There are various theories as to why everything changed. One, as circulated by Walz and others, is that Musk sees an opportunity to steer regulation and get even richer, and is basically just being a businessman acting for his own commercial advantage. Bear in mind, though, that X now seems to be valued at about a fifth of the dollars 44 billion that Musk paid for it 2022. So I suppose the obvious response would be “well, there’s always a first time”.

Elon Musk and former first lady Melania Trump listen as Republican presidential nominee former President Donald Trump speaks at a campaign rally at Madison Square Garden, Sunday, Oct. 27. Picture: AP Photo/Alex Brandon
Elon Musk and former first lady Melania Trump listen as Republican presidential nominee former President Donald Trump speaks at a campaign rally at Madison Square Garden, Sunday, Oct. 27. Picture: AP Photo/Alex Brandon

A more nuanced and probably more accurate interpretation would be that Musk has dreams and Trump represents a way of achieving them. In a post on X last month, Musk called this election “a fork in human destiny” and declared his “absolute showstopper” was that bureaucracy would grow under continued Democratic rule, which would “destroy the Mars programme and doom humanity”. If you think this sounds a bit mad (note the order of priorities, for one thing) well done for noticing.

For Trump’s part, I suppose it’s not altogether odd that one unearthly orange-tinted mass would hold a certain attraction for another one. One has to wonder, though, for how long an actual President Trump would be prepared to indulge Musk’s manic futurism. In office, blue-sky gurus never last long. Think of Trump’s disastrous partnership with Steve Bannon, or Boris Johnson’s with Dominic Cummings. This would be that, on speed. Or perhaps, given Musk has discussed using it with a prescription, on ketamine.

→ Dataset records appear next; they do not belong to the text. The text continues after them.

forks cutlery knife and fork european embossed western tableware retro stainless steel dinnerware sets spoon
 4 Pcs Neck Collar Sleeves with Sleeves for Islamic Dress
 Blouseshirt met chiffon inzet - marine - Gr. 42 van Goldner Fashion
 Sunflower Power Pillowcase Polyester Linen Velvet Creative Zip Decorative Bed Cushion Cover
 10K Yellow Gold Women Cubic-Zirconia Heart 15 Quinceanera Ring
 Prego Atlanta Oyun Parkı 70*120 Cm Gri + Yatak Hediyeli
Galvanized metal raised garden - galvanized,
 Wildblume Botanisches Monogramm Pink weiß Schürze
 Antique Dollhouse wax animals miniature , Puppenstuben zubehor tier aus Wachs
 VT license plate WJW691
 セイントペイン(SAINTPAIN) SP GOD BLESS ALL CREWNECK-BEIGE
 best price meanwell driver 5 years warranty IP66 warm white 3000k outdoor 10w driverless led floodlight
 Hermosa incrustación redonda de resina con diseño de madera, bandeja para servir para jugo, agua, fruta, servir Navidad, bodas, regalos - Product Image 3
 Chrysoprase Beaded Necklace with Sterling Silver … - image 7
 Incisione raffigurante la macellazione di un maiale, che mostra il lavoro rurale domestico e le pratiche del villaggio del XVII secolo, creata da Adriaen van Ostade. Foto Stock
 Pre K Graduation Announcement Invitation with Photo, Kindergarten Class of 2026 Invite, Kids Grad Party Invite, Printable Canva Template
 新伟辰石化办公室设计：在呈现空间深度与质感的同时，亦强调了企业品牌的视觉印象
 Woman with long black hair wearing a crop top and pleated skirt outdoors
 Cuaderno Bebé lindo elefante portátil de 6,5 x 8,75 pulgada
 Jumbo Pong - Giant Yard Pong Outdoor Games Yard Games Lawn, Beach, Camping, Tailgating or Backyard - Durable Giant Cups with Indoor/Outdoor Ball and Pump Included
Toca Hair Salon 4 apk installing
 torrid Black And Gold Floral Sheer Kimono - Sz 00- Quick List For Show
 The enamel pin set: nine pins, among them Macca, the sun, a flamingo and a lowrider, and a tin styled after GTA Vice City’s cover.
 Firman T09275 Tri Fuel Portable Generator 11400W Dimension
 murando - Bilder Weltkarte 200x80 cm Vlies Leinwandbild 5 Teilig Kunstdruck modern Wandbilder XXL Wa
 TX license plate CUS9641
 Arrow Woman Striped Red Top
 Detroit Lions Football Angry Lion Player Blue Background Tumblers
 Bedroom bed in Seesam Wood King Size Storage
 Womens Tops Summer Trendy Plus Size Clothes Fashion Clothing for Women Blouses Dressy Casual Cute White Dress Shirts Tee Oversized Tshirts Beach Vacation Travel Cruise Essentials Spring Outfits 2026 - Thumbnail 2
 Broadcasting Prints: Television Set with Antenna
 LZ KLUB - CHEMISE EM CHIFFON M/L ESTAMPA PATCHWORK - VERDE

Trump: I'll find a job for Elon Musk if I win

Musk is clearly a genius of sorts, and a mesmerising one. Since buying what is now X, though, he has also become a case study in self-radicalisation, increasingly incapable of seeing a difference between the online bantersphere and the real world. Probably this is the real root of his affinity with Trump, but his journey doesn’t end there. Just this week he was to be found on X declaring that Trump’s economic policies would lead to immediate “hardship” and, when asked about “a severe overreaction” and tumbling markets pending eventual recovery, mused “sounds about right”.

Does he mean it? Does he want people to think he means it? Does he even know the difference? We cannot know. But we can probably assume this isn’t the message Trump himself wants voters to hear. It’s precisely this that makes their bromance so peculiar. Neither man, you sense, is quite what the other imagines him to be. Sooner or later, one of them is bound to notice. What then?